Second, all conservative sectors of the political elite, including some sectors of the ‘Nueva Mayoría’, have been campaigning against the idea of the constitutional assembly by comparing it with the constitution-making processes carried out in Bolivia and Venezuela. In short, ‘Marca tu Voto’ has been accused of being a leftist movement that wants to transform Chile into a Chavez-like political project. These claims have been strongly contested with the obvious argument that a constitutional assembly is the most inclusive mechanism available to create a constitution that people can talk about as their own. All sectors, even those which oppose the assembly, must be represented in it.
Third, even though it is legitimate and legal, the strategy of marking the ballot with ‘AC’ faces another problem: logistics. The implication of strategically using the presidential ballot to do something other than elect a president is that formal electoral institutions will be blind to those preferences. This presents a big challenge in terms of counting the votes marked ‘AC’ that will be ignored by officials, requiring an army of observers in each of the 35,000 ballot boxes in the country.
First round and ballotage
The results of the first round on November 17 marked a clear triumph for the constitutional change with just 25% of votes going to candidates against a new constitution. The ‘AC’ marks for a constitutional assembly were fewer and concentrated in wealthier and urban voting districts. The final count indicated that around 6% of the votes that volunteers were able to count were marked with ‘AC’, but they were able to count only 38% of the boxes across the country. All told, around 410,000 people marked the ballot, in what represents the biggest instance of political activism in Chile since the student protests of 2011.
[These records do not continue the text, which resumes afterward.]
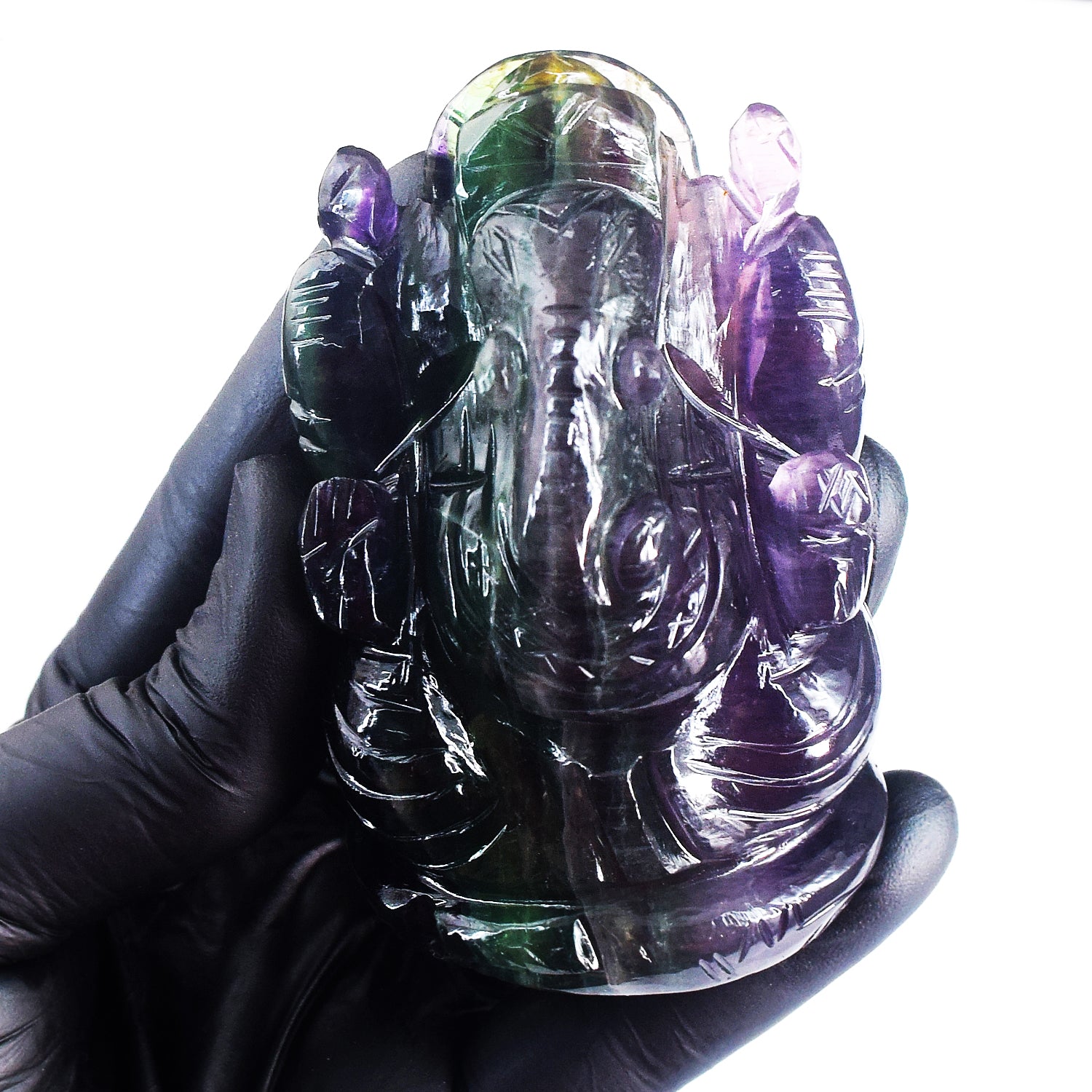 Amazing 1389.00 Cts Genuine Purple Fluorite Hand Carved Lord Ganesha Crystal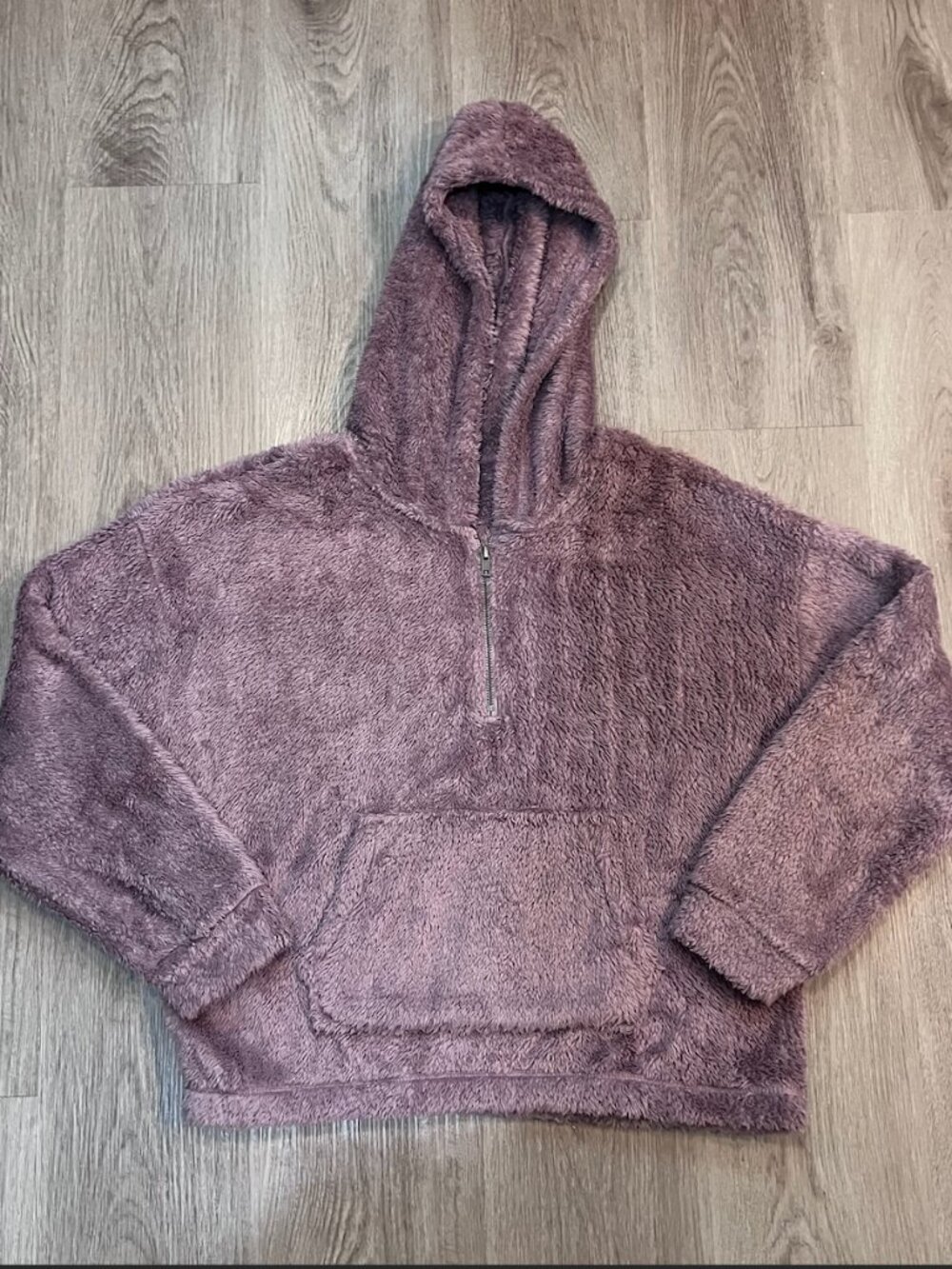Cozie by Pink Rose Purple Fuzzy Hooded Pullover Size Medium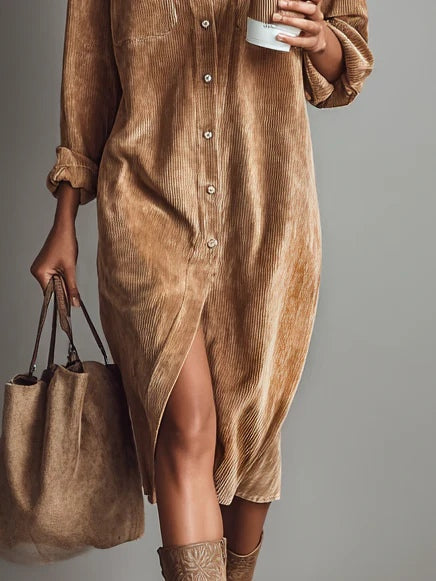 Estela | Vestido midi de pana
The campaign has been relaunched for the run-off vote with more volunteers spreading awareness in the streets, in hope of greater support outwith the main cities. By December 15, both sets of votes will again be in. Even if the number of ballots marked with ‘AC’ is not the majority of the voters, this initiative will nevertheless contribute to establishing the possibility of constitutional reform and placing the idea of a constitutional assembly on the horizon of Chilean democracy for all to see.